[Courtesy of Row K Entertainment]

Movie Review: Dead Man's Wire

06:00 January 19, 2026
By: Fritz Esker

Dead Man's Wire (2025)

Director Gus Van Sant's new film Dead Man's Wire focuses on a bizarre piece of true crime history. In 1977 Indianapolis, Tony (Bill Skarsgård) is mad about a mortgage company's underhanded tactics denying him a potentially valuable business opportunity. His plan is to kidnap the company's owner M.L. Hall (Al Pacino), but M.L. is out of town. So, he kidnaps Richard (Dacre Montgomery), the business' vice president and the owner's son. The movie's title comes from the contraption attached to a shotgun that Tony straps around Richard's neck where if anything happens to Tony or if Richard tries to run, Richard's head will get blown off.

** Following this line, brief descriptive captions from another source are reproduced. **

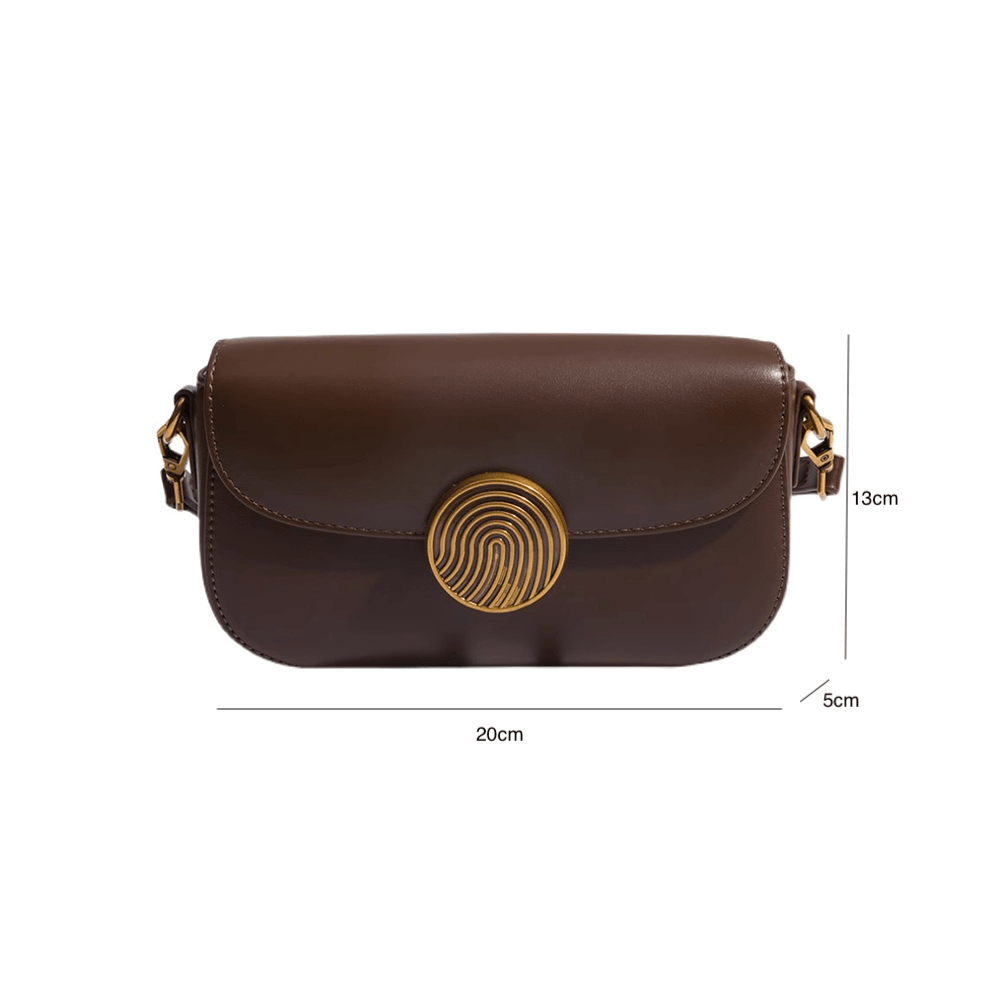 Sleek Leather Flap Shoulder with Gold Accent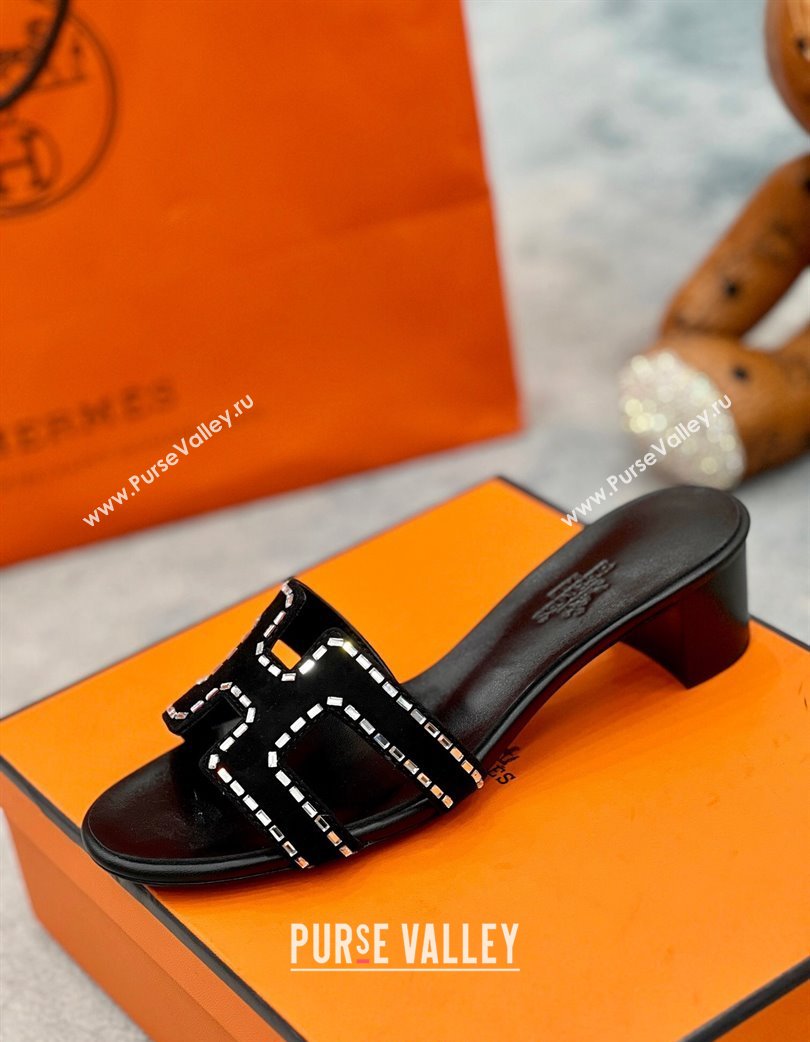 Hermes Oasis Classic Heel Slides Sandal in Suede with Strass Black 2025 H02271 (MD-250227001)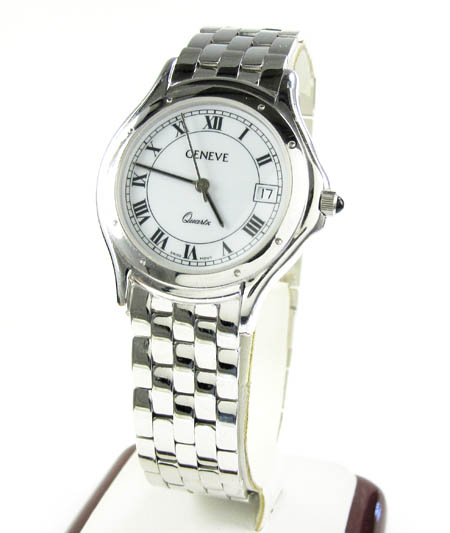 Mens 14K White Gold Geneve Automatic Watch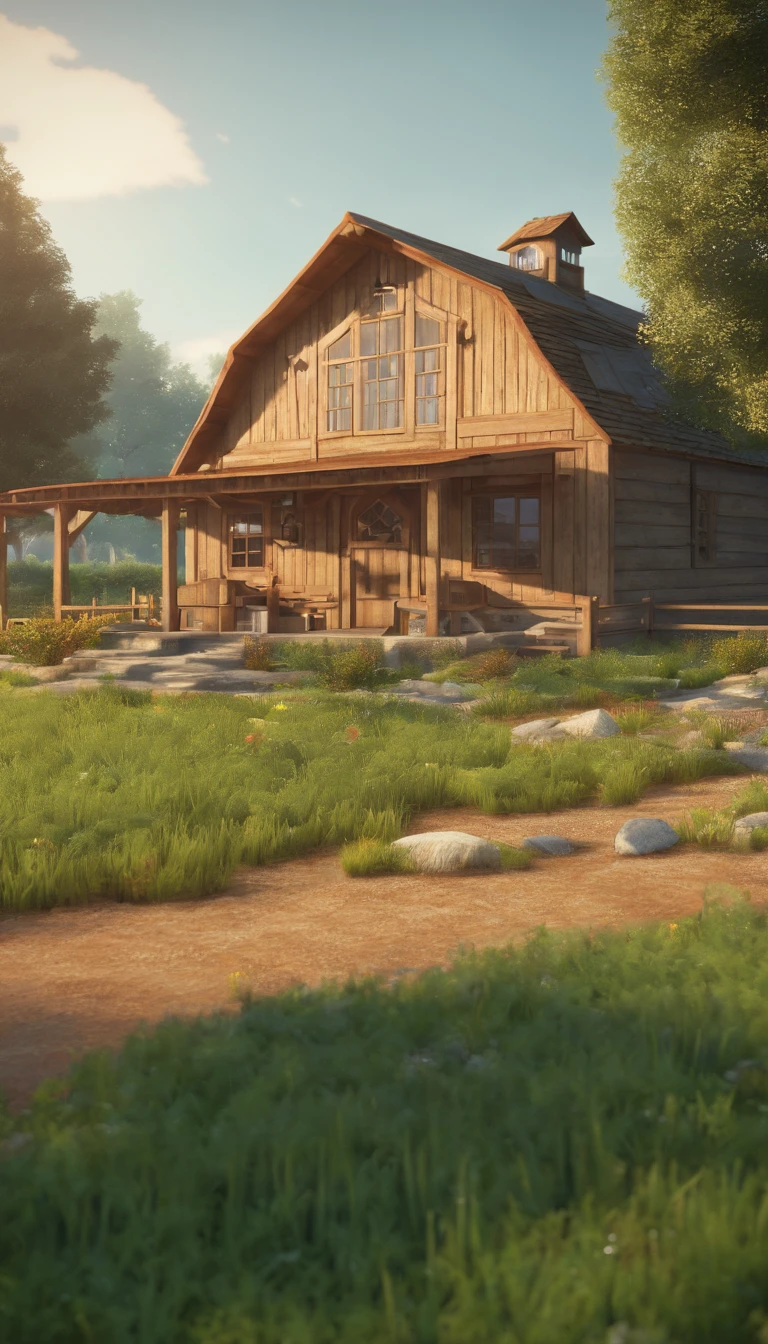 big farm, realistic, render.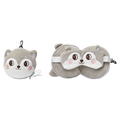 2-in-1 Nackenkissen und Schlafmaske aus Polyester mit Shiba Inu-Design (Grau)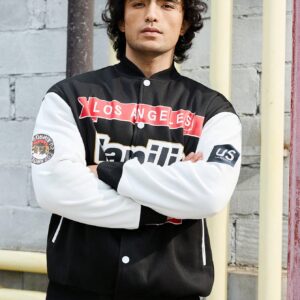 Men's Color Block Letter Print Zipper Jacket For Sports Workout Tops - Image 6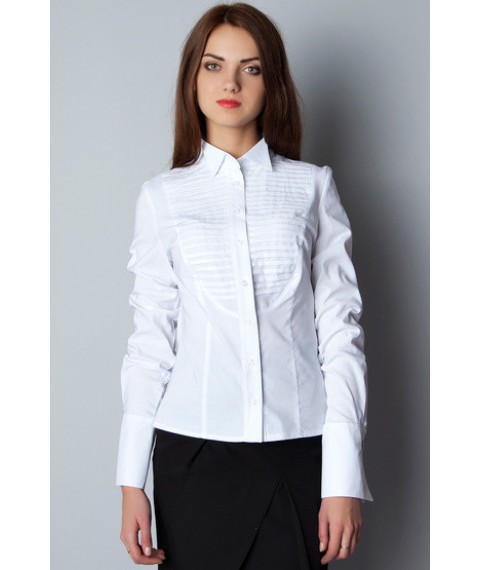 Women's white blouse with decorative shelf P06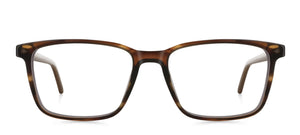 braun-transparente eckige Brillenfassung mit Horn-Optik von Munic Eyewear aus München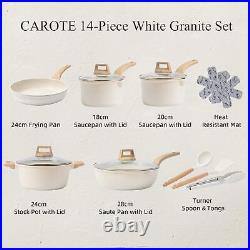 CAROTE Pots and Pans Set Nonstick, White Granite Induction 14pcs White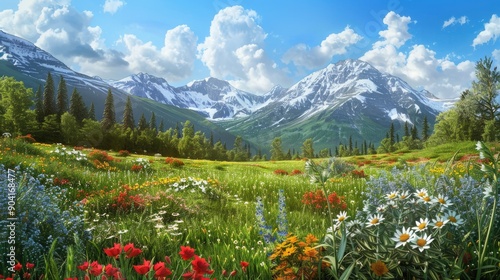 A serene mountain scene in paradise featuring fields of colorful wildflowers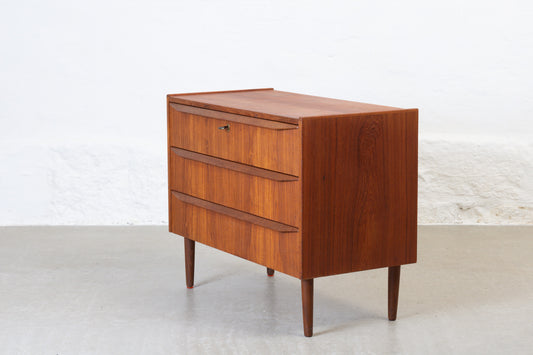 1960s low teak chest of three drawers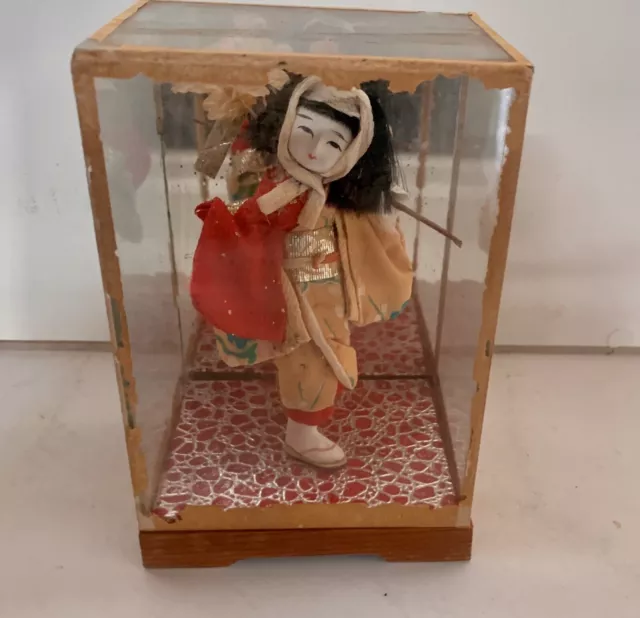 Vintage Japanese Geisha Doll Traveler in Cloth Kimono in 6” Glass Case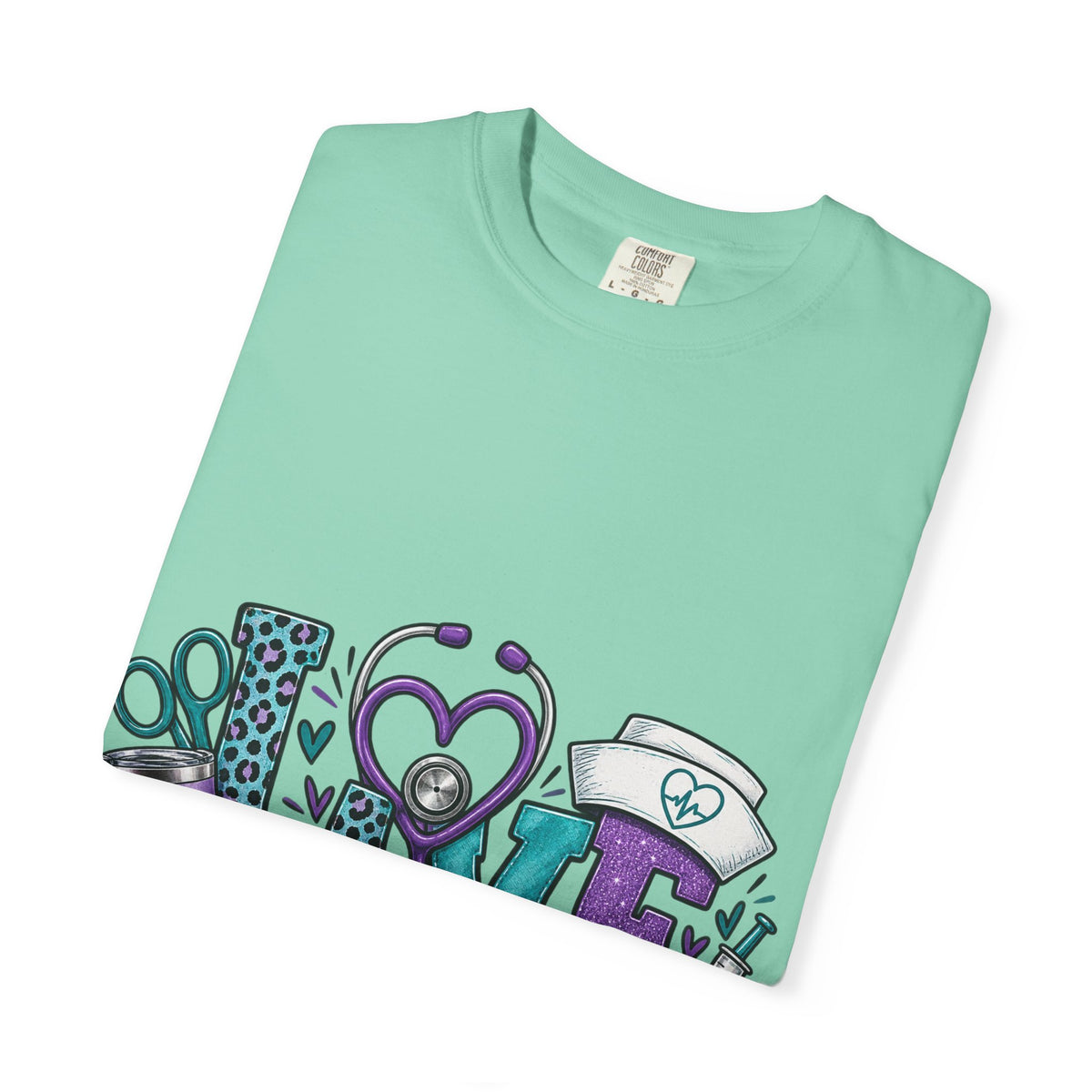 Nurse Love T-Shirt — Medical Hearts, Stethoscope & Scrubs Graphic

Van Sant (Good Will Hunting, Milk) does a good job with the '70s atmosphere, and he also gets a top-notch performance from Colman Domingo as a radio DJ who Tony calls to get his message out to the public. The fact that the true story the film is based on is forgotten or unknown by most means there is genuine tension in the final act as to what will happen between the characters. However, the film's first and third acts are its strongest. Once Tony takes Richard to Tony's apartment and he barricades the two of them inside, the story drags a bit and bogs down. The movie also suffers from a strange accent choice by Cary Elwes, who plays a cop trying to negotiate with Tony.

Dead Man's Wire, with its '70s setting and an emphasis on the media circus accompanying a hostage situation, calls to mind Dog Day Afternoon (including the presence of Pacino in both films), but it never quite reaches the heights of Sidney Lumet's 1975 classic.